Vermisst: Schaukastenbestücker
In einer Welt, in der Kriege nicht enden, Spione vergiftet, Strafzölle erhoben, der HSV und Köln fast aufgegeben und in Berlin Wackelstarts hingelegt werden, ist die Frage, wie es um die Schaukasten-Kultur bestellt ist, naturgemäß nachrangig. Aber interessant. Mit Schaukasten ist hier nicht der Fernseher gemeint. Sondern jene Vitrinen, die von Vereinen, Parteien, Kommunen, Gaststätten und Geschäften auf der Straße, im öffentlichen Raum, betrieben werden.

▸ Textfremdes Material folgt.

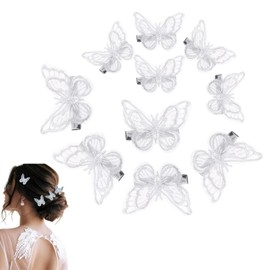 YFFSFDC Lace Hair Clips, Butterfly, Hair Ornament, Embroidery, Ribbon Clip, Cute Hair Accessory, Bangs Clip, Hair Clip, For Birthdays, Recitals, Parties, Weddings (Set of 10)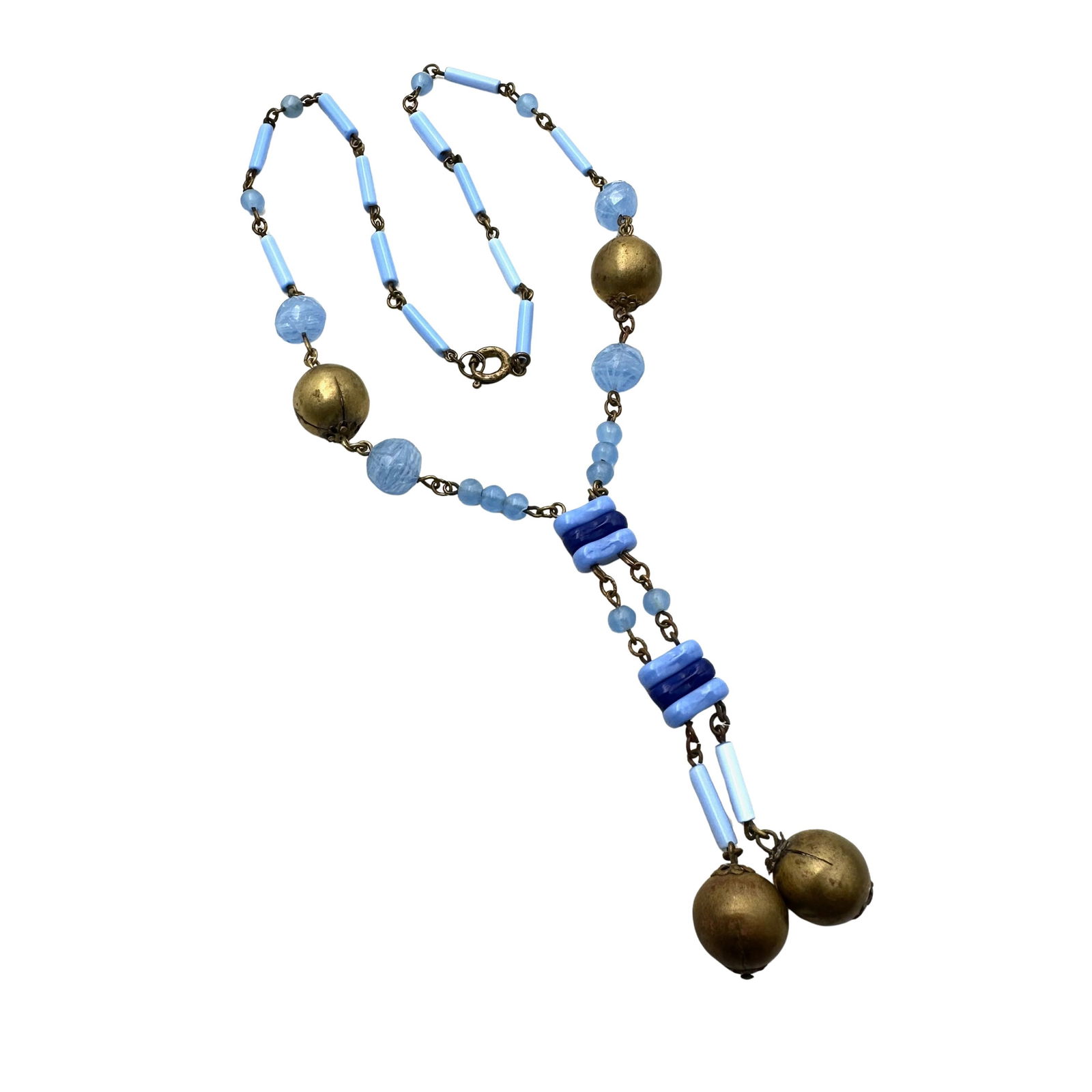 Antique Blue Czech Glass Necklace 16 Inch Length: Antique Blue Czech Glass Necklace 16 Inch Length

Zum Glück gelten für Schaukästen andere Intervalle der Aktualisierung als für Tweets auf Twitter. Da darf schon einmal Dauer hinter Glas sein und ein Aushang zart angilben, während im kleinen Schneewittchensarg eine tote Fliege mumifiziert. Doch fragt sich der Passant, der Schaukästen schätzt, ob es denn keine Schaukastenbestücker und Schaukastenbeauftragte mehr gibt. Da ist jener schöne Kasten der SPD, der seit Monaten leer steht – nur einige Reißzwecken, schief wie taumelnde Kreisel eingedrückt auf fleckigem Braun. Gibt es nichts mitzuteilen? Oder hat der Ortsverein Sorge, dass in diesen Zeiten, da die Partei ihr Spitzenpersonal in verwirrender Taktung rotieren, verschwinden und auftauchen lässt, schnell Ungültiges, Überholtes aushängt – und also besser nichts? Die CSU hingegen wünscht, wogegen nichts zu sagen ist, aus einem ihrer Zaun-Auftritte frohe Weihnachten – Mitte März. Die Vernachlässigung der Schaukästen wundert, gibt es doch andererseits noch immer genügend Plakatkleber in den Parteien. Glaubt man nicht mehr an das Medium Schaukasten? Das wäre fatal. Neulich wieder einmal in Murnau gewesen. Dort gibt es zentral eine lange Mauer, an der ein Dutzend Schaukästen dicht nebeneinander hängen. Von Alpenverein bis VdK. Keine Ausstellung von Magneten und Reißzwecken, sondern: bestückt wie ein guter Marktstand.